It's no more form altering than a massive axe swing to ones neck. If it doesn't have any tag describing such a type, it merely doesn't fit into any of those types, and as such works on its own logic.


The point is moot, since the shuriken would have to be Epic to get through the deity's DR, and if the deity has other DR, such as DR X/good, the better always applies.

The vorpal property does not require any damage to create its effect.


And of course, we're neglecting celerity/greater teleport as a counter to epic vorpal cheese.

Not all gods have alter reality or full wizard spell casting.


Not in one shot he won't.

Yeah, they can.


If your ubercharger is twinked out enough to do that much damage in one shot, expect gratuitous unpleasantness to show up in his path during the last charge he'll ever try.

Not all gods have alter reality or full wizard spellcasting.


They're not intended to be. They're also not intended to be fought, and certainly not by optimizers. Should they be, they should be given their due. It's no less than giving a dragon a hoard of magic that it never uses. A deity has the knowledge, powers and resources to do terrible things to anyone who tries doing things the fast way.

Not all gods by any means. Even assuming intelligent play (which not all gods deserve) one cannot say that they are capable of being unbeatable by "mere mortals" because not all dieties have the resources required to do so, even if they think up a method.


My point was that, given a weapon that has a chance (no matter who throws it) to kill a god, said beings will not let that weapon exist, since they run the world. If an epic vorpal shuriken exists, and the gods have no problem with it, then it isn't something they're threatened by. The only counter for this are things like the Snarl, which the gods can't rid themselves of.
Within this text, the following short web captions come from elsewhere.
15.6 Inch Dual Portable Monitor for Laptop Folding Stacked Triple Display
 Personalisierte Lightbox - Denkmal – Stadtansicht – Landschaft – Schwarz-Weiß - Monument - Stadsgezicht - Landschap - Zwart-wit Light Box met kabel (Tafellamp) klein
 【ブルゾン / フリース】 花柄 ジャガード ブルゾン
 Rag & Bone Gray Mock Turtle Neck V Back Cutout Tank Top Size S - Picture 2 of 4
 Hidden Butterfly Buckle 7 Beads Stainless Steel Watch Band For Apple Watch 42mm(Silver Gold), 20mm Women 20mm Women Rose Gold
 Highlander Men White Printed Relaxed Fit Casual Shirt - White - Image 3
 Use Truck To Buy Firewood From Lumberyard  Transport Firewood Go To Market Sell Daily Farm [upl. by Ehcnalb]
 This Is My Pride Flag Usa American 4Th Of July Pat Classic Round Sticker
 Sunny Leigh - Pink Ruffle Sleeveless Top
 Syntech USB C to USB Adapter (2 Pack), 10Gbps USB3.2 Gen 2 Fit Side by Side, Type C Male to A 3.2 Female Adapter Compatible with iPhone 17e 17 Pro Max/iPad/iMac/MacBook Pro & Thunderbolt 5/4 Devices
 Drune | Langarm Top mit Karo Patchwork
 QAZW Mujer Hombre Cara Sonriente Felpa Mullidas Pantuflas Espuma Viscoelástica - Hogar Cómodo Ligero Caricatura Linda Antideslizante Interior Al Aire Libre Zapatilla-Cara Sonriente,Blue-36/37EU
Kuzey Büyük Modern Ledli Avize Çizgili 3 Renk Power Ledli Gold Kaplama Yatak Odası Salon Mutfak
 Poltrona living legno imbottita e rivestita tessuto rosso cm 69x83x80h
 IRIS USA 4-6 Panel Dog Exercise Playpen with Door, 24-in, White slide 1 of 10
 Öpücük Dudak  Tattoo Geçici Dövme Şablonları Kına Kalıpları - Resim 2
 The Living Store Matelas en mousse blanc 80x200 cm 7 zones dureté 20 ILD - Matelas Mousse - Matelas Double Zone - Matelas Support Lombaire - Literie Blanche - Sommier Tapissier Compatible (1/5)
Vorpal is a mortal enchantment; by definition, the gods can put the kibosh on it.

Not all gods have alter reality, and the abolishment of forces different from the divine (ie. the arcane) are largely out of their jurisdiction as far as defining the laws of their use. And again, gods can't simply re-write the rules of the universe. Even alter reality has limitations to it, including when used against mortals. Abolishing the rules of magic to unmake reality is within the realm of overdieties, whom are not inclined to help the mere dieties any more than Pelor would swoop in to rescue dirt farmer Ted when he's being attacked by kobolds.

Heliomance
2009-03-09, 02:19 PM
Shuriken cannot be used as a melee weapon, so they cannot have the vorpal ability.


The Lucky Shuriken build has nothing to do with being vorpal. It involves taking small shuriken for the 1d2 damage die, and adding an ability that lets you reroll any time you get a 1 on a damage die, and an ability that lets you reroll and add any time you roll max damage - ie, 2. That can kill anything.

Yukitsu
2009-03-09, 02:27 PM
It's an infinite chain, and as such was banned by the OP.

Heliomance
2009-03-09, 02:34 PM
It's not a chain of anything. It's a single attack that happens to do infinite damage.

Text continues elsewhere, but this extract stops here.